前回までは安全なウェブアプリケーションを作成する手法をいくつか説明してきた。今回からは代表的な脆弱性についての検査方法を説明していきたい。まずは、クロスサイトスクリプティング(XSS)の脆弱性について、その検査方法を紹介する。
XSSとは、入力として受け取ったデータに含まれている「Javascript」などのスクリプトやタグが、それらが有効な形で出力(HTTPレスポンス)に含まれているために、ブラウザが意図しない動作や表示を行ってしまう脆弱性だ。
この脆弱性を使った攻撃の被害者はサイトを利用している利用者であり、サイトが直接的な被害に遭うことはない。
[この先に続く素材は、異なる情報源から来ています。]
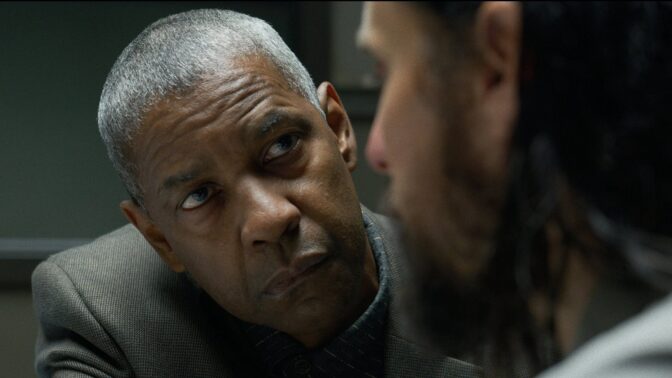 Denzel Washington stirrer ned på Jared Leto.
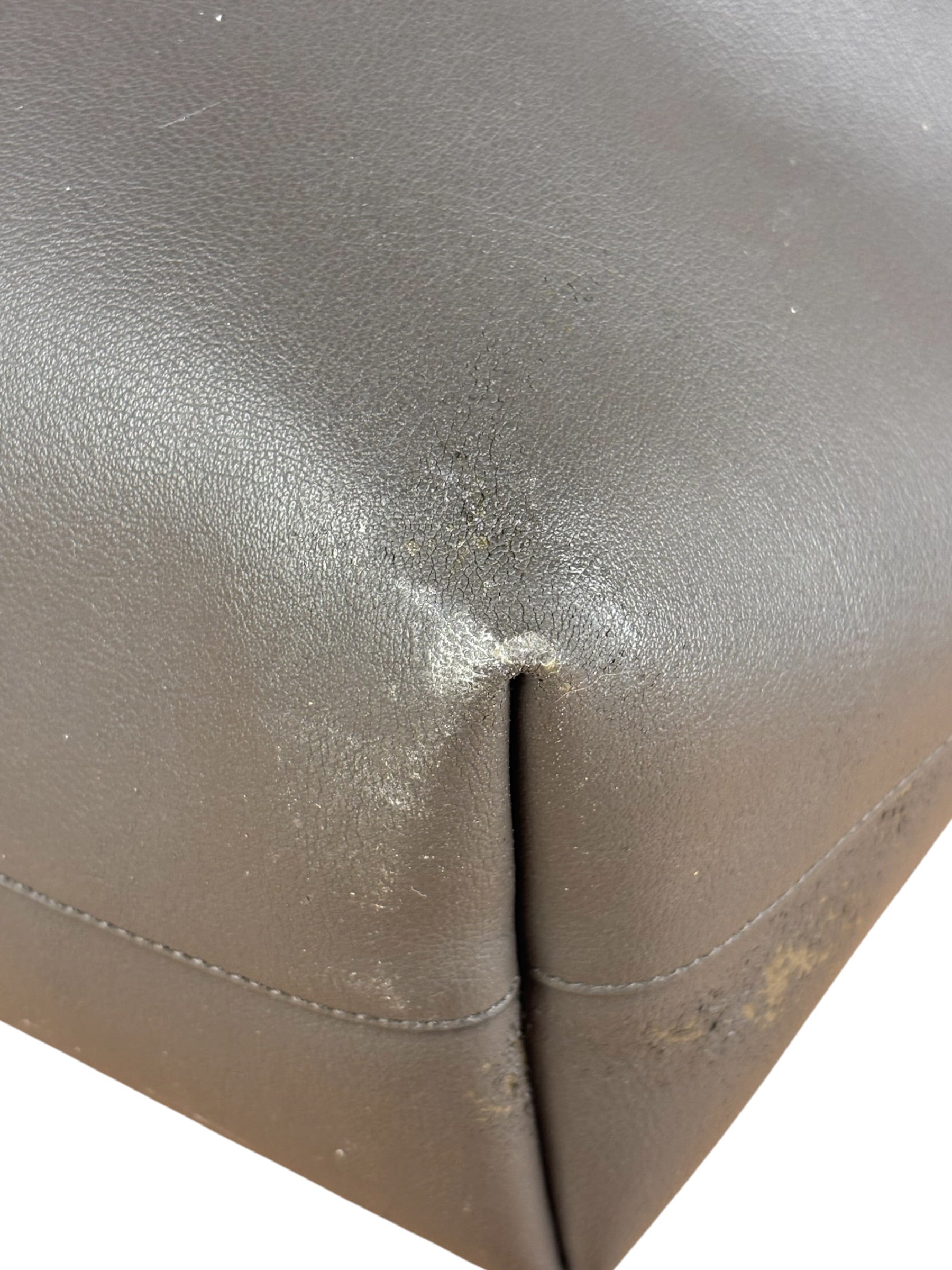 Yves Saint Laurent Leather East-West Shopping Tote Bag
この脆弱性を利用すると、攻撃者が意図した通りにブラウザをコントロールすること(たとえば、意図しないデータの送信や表示内容の変更)が可能になる。
これにより、利用者のログイン情報を他のサーバに送信したり、利用者のブラウザからサイトにある脆弱性を調査し、その結果を他のサーバに送信することも可能になる(図1)。また最近では、XSSの脆弱性を利用したワームもMcAfeeのウェブサイトなどで報告されている。
XSSの脆弱性を攻撃に用いるにはサイトの利用者に、悪意あるスクリプトを含んだリンクをクリックさせる必要がある。そのために攻撃者は、巧妙に仕組んだSpamメールや掲示板、自分が立ち上げたサイトなどのリンクを利用する。
これらのリンクは対象となるサイトが送信したメールに偽装されていたり、一見すると信頼できそうなサイトにそれらしい言葉でリンクが貼られていたりする。このようにして攻撃者は誰かが罠にかかるのをじっと待っているので注意が必要だ。